Once again, this is quite amazing. Every time these things happen, I have a feeling the device manufacturer did it on purpose. I just can't believe they let it happen by mistake. Three steps and you are root with read and write access. You can see everything inside the phone, including comments in the config files. However, some are a bit embarrassing, so I do not know what to think anymore...
For example, getting access to the device requires you to type upupdowndownleftrightleftrightbastart on the device (I swear). This is clearly a punch at the iPhone because doing the same with the virtual keyboard would take you an hour, while with the Pre keyboard it is a breeze ;-)

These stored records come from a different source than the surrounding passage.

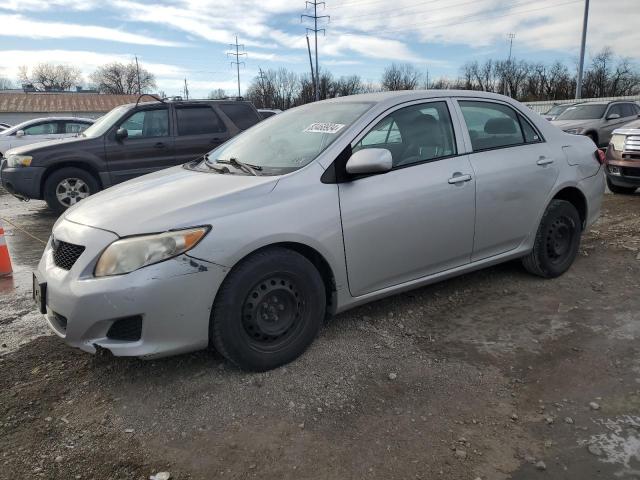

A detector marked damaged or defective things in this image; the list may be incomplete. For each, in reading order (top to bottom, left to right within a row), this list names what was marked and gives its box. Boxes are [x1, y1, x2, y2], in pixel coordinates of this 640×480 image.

damaged front bumper [36, 219, 229, 358]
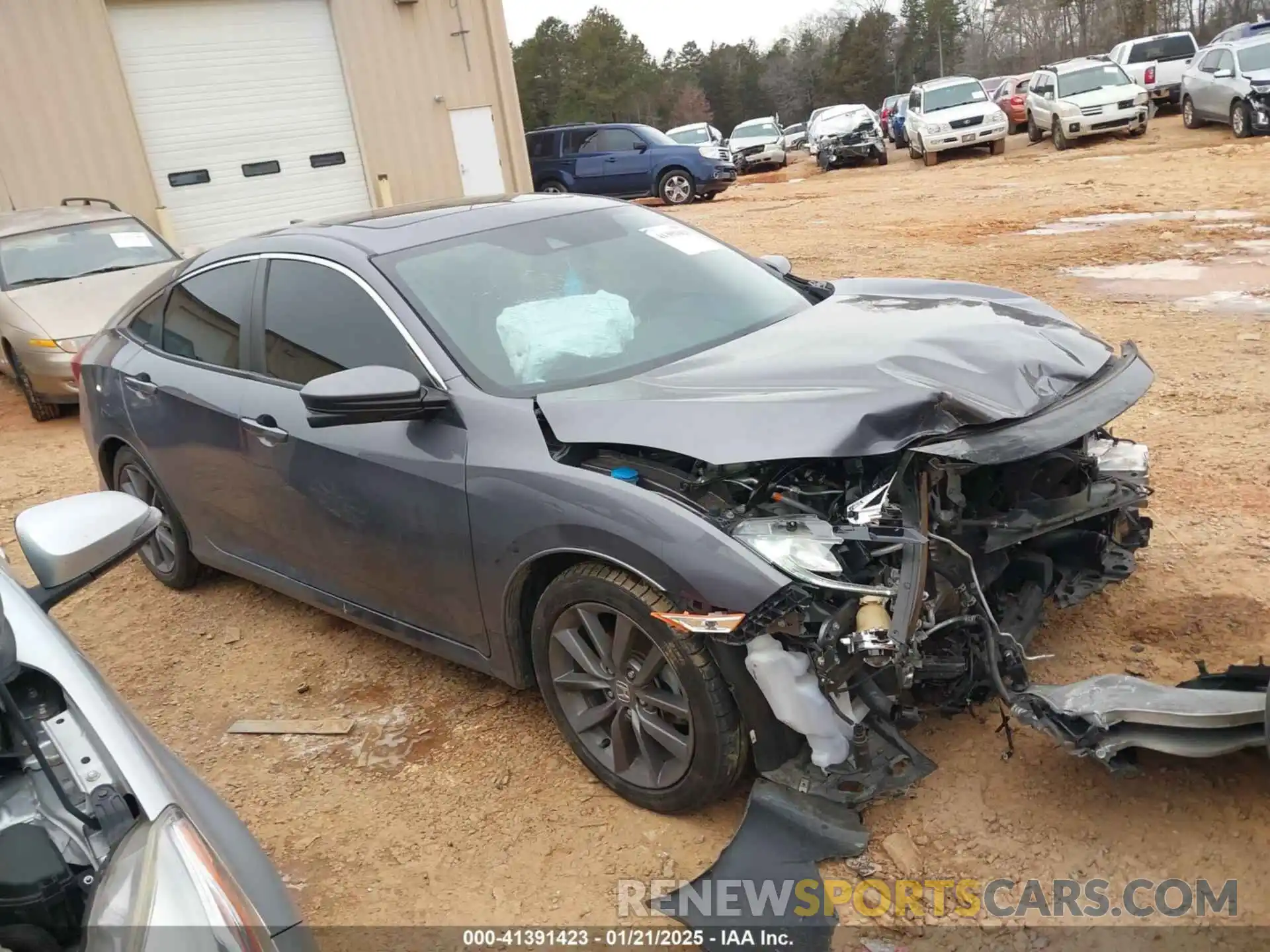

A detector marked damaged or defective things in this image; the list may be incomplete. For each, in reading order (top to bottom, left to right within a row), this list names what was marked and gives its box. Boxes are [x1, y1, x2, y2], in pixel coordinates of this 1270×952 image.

crumpled hood [5, 264, 175, 341]
deployed airbag [495, 290, 635, 383]
crumpled hood [534, 278, 1122, 465]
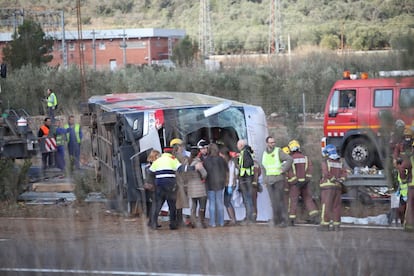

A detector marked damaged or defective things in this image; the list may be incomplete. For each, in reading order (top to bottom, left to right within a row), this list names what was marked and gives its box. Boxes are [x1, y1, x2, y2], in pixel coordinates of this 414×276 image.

overturned bus [83, 92, 268, 213]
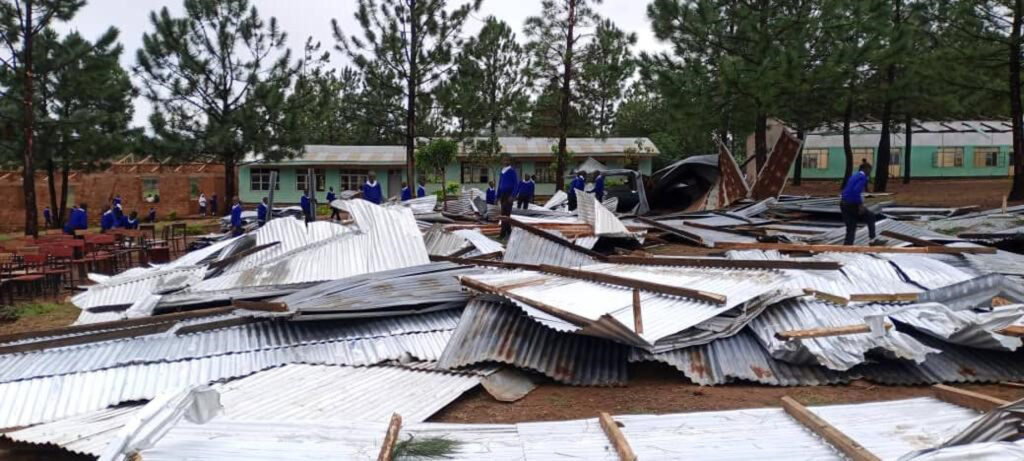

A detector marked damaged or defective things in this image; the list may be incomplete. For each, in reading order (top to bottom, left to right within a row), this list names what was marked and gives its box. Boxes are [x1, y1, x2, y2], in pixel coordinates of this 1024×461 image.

rusty metal sheet [716, 139, 748, 206]
rusty metal sheet [748, 130, 804, 200]
broken timber [780, 322, 892, 340]
broken timber [932, 382, 1012, 412]
broken timber [376, 410, 400, 460]
broken timber [596, 412, 636, 460]
broken timber [784, 394, 880, 460]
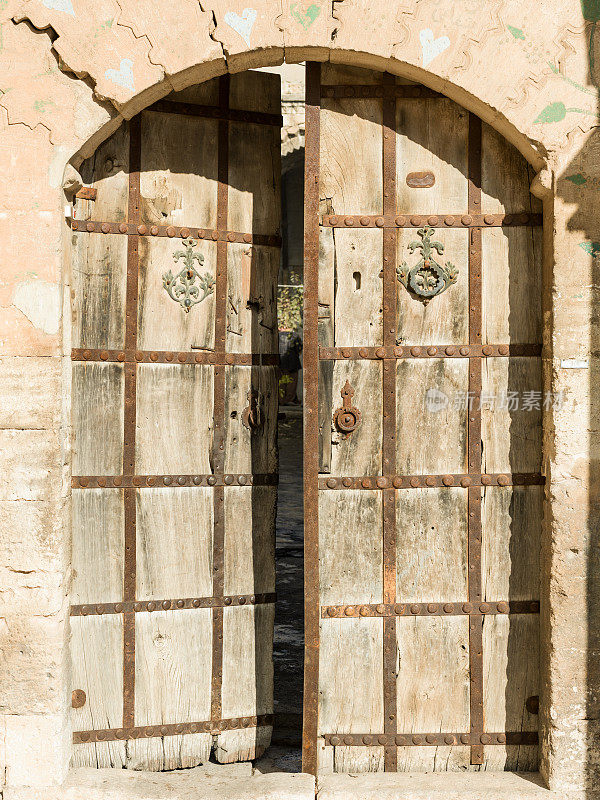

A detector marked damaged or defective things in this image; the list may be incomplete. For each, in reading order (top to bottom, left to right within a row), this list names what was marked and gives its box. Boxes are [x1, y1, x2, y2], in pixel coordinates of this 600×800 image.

rusty iron strap [149, 99, 282, 127]
rusty iron strap [69, 219, 280, 247]
rusty iron strap [322, 212, 540, 228]
peeling plaster [11, 280, 60, 336]
rusty iron strap [69, 346, 278, 366]
rusty iron strap [318, 342, 540, 358]
rusty iron strap [210, 73, 231, 724]
rusty iron strap [122, 115, 142, 736]
rusty iron strap [302, 64, 322, 780]
rusty iron strap [466, 111, 486, 764]
rusty iron strap [74, 472, 280, 490]
rusty iron strap [318, 472, 544, 490]
rusty iron strap [71, 592, 276, 620]
rusty iron strap [322, 600, 540, 620]
rusty iron strap [73, 716, 276, 748]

When you look inside, you find a lot of very interesting things. First, it is a Linux machine 2.6.24 (check, yet another mobile open source based operating system). It has a Java Virtual Machine (1.5 Standard Edition). It already has settings to connect to the AT&T and T-Mobile network (which make sense, reading rumors about a GSM version coming soon). Moreover, there are hints of the rumored Palm EOS device (the one at $99) which in the OS is called pixie (the Pre is castle) and even a third one coming (zepfloyd, which seems to support wifi as the Pre, while the EOS won't).
There are also funny comments left by Palm developers inside the phone, like the TODO list. E.g.: "TODO FIXME: we ought not call this, eh?". Or this one: "On the offchance that the user hits the 'minimize' before we finished capture ... slimy bastard users"...
In general, it is very easy to modify things, for example someone quickly modified the camera to no longer make the shutter noise even with all system sounds enabled (not that I know what the use case behind it could be...). Tethering your laptop via wifi is just a matter of changing a couple of config files. There are also things I cannot talk about, but others are (for example here and here).
Bottom line: it took a few days and WebOS is naked. The world is looking at it. From what I have seen (ehm, read on the blogs, I would never do this and risk to void my warranty ;-), it looks like a very nicely developed OS (with the three stacks, Linux and Java and Javascript/HTML/CSS). Even if Palm hasn't leaked it out on purpose, the feedback from the hackers community is two thumbs up, which is another good sign for Palm.